Extensive piles of halmileel logs were collected along the banks of the river, while the forests were strewed with felled trees in preparation for floating down the stream.

A regular demand usually ensures a regular supply, which could not be better exemplified than in this case.

Among fancy woods the bread-fruit tree should not be omitted. This is something similar to the jack, but, like the tamarind, the value of the produce saves the tree from destruction.

This tree does not attain a very large size, but its growth is exceedingly regular and the foliage peculiarly rich and plentiful. The fruit is something similar in appearance to a small, unripe jack-fruit, with an equally rough exterior. In the opinion of most who have tasted it, its virtues have been grossly exaggerated. To my taste it is perfectly uneatable, unless fried in thin slices with butter; it is even then a bad imitation of fried potatoes. The bark of this tree produces a strong fibre, and a kind of very adhesive pitch is also produced by decoction.

The cocoa-nut and palmyra woods at once introduce us to the palms of Ceylon, the most useful and the most elegant class in vegetation. For upward of a hundred and twenty miles along the western and southern coasts of Ceylon, one continuous line of cocoa-nut groves wave their green leaves to the sea-breeze, without a single break, except where some broad clear river cleaves the line of verdure as it meets the sea.

Ceylon is rich in palms, including the following varieties: The Cocoa-nut. The Palmyra. The Kittool. The Areca The Date. The Sago. The Talipot.

The wonderful productions of this tribe can only be appreciated by those who thoroughly understand the habits and necessities of the natives; and, upon examination, it will be seen that Nature has opened wide her bountiful hand, and in the midst of a barren soil she has still remembered and supplied the wants of the inhabitants.

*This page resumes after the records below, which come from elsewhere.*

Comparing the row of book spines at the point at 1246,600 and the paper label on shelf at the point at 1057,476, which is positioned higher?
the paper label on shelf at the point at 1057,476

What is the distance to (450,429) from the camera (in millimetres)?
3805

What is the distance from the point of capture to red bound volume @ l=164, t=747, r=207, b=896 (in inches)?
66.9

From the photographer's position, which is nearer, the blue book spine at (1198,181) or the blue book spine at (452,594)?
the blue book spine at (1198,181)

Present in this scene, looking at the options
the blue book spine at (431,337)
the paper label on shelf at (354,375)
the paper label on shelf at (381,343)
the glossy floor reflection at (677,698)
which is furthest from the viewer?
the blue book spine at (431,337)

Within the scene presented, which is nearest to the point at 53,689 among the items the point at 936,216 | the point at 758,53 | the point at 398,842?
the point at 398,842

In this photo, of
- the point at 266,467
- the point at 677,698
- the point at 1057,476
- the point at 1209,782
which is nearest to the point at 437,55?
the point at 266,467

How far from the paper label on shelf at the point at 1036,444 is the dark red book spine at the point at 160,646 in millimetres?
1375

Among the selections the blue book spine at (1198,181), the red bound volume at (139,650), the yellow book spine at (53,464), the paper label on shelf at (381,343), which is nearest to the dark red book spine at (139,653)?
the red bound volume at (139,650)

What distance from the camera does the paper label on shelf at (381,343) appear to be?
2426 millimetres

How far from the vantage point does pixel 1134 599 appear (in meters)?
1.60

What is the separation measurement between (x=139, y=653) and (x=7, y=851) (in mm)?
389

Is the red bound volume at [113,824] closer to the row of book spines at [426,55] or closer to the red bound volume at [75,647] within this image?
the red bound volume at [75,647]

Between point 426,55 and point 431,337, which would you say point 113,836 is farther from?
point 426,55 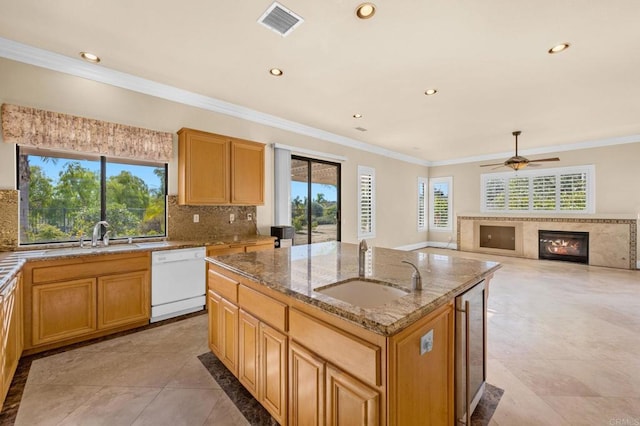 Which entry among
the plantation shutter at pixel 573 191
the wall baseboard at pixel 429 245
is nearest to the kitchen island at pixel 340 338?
the wall baseboard at pixel 429 245

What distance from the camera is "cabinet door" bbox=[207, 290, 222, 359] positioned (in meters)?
2.20

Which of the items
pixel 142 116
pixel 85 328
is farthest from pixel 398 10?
pixel 85 328

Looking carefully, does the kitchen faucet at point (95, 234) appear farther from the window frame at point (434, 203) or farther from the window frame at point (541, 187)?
the window frame at point (541, 187)

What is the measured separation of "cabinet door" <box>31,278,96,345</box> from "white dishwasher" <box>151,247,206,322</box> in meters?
0.55

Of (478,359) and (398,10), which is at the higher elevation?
(398,10)

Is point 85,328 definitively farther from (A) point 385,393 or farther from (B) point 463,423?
(B) point 463,423

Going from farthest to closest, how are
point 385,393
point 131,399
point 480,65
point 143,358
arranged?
point 480,65 < point 143,358 < point 131,399 < point 385,393

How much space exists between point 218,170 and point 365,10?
2.61 metres

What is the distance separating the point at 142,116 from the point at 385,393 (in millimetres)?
3947

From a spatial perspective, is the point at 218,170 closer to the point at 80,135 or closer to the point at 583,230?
the point at 80,135

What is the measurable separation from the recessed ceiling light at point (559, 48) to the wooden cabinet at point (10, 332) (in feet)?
15.7

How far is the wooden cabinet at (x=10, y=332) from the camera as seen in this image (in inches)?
68.2

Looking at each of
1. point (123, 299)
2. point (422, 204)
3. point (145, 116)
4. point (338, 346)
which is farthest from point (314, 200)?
point (422, 204)

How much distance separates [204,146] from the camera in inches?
142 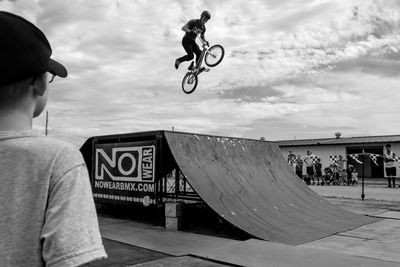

As the stream issued from the rock in the wilderness, to the cocoa-nut tree yields a pure draught from a dry and barren land; a cup of water to the temperate and thirsty traveler; a cup of cream from the pressed kernel; a cup of refreshing and sparkling toddy to the early riser; a cup of arrack to the hardened spirit-drinker, and a cup of oil, by the light of which I now extol its merits-five separate and distinct liquids from the same tree!

A green or unripe cocoa-nut contains about a pint of a sweetish water. In the hottest weather this is deliciously cool, in comparison to the heat of the atmosphere.

The ripe nut, when scraped into a pulp by a little serrated, semi-circular iron instrument, is squeezed in a cloth by the hand, and about a quarter of a pint of delicious thick cream, highly flavored by cocoa-nut, is then expressed. This forms the chief ingredient in a Cingalese curry, from which it entirely derives its richness and fine flavor.

The toddy is the sap which would nourish and fructify the blossom and young nuts, were it allowed to accomplish its duties. The toddy-drawer binds into one rod the numerous shoots, which are garnished with embryo nuts, and he then cuts off the ends, leaving an abrupt and brush-like termination. Beneath this he secures an earthen chatty, which will hold about a gallon. This remains undisturbed for twenty-four hours, from sunrise to sunrise on the following morning; the toddy-drawer then reascends the tree, and lowers he chatty by a line to an assistant below, who empties the contents into a larger vessel, and the chatty is replaced under the productive branch, which continues to yield for about a month.

When first drawn the toddy has the appearance of thin milk and water, with a combined flavor of milk and soda-water, with a tinge of cocoa-nut. It is then very pleasant and refreshing, but in a few hours after sunrise a great charts takes place, and the rapidity of the transition from the vinous to the acetous fermentation is so great that by midday it resembles a poor and rather acid cider. It now possesses intoxicating properties, and the natives accordingly indulge in it to some extent; but from its flavor and decided acidity I should have thought the stomach would be affected some time before the head.

>From this fermented toddy the arrack is procured by simple distillation.

This spirit, to my taste, is more palatable than most distilled liquors, having a very decided and peculiar flavor. It is a little fiery when new, but as water soon quenches fire, it is not spared by the native retailers, whose arrack would be of a most innocent character were it not for their infamous addition of stupefying drugs and hot peppers.

The toddy contains a large proportion of saccharine, without which the vinous fermentation could not take place. This is procured by evaporation in boiling, on the same principle that sugar is produced from cane-juice. The syrup is then poured into small saucers to cool, and it shortly assumes the consistence of hardened sugar. This is known in Ceylon as "jaggery," and is manufactured exclusively by the natives.

Cocoa-nut oil is now one of the greatest exports of Ceylon, and within the last few years the trade has increased to an unprecedented extent. In the two years of 1849 and 1850, the exports of cocoa-nut oil did not exceed four hundred and forty-three thousand six hundred gallons, while in the year 1853 they had increased to one million thirty-three thousand nine hundred gallons; the trade being more than quadrupled in three years.

The manufacture of the oil is most simple. The kernel is taken from the nut, and being divided, it is exposed to the sun until all the watery particles are evaporated.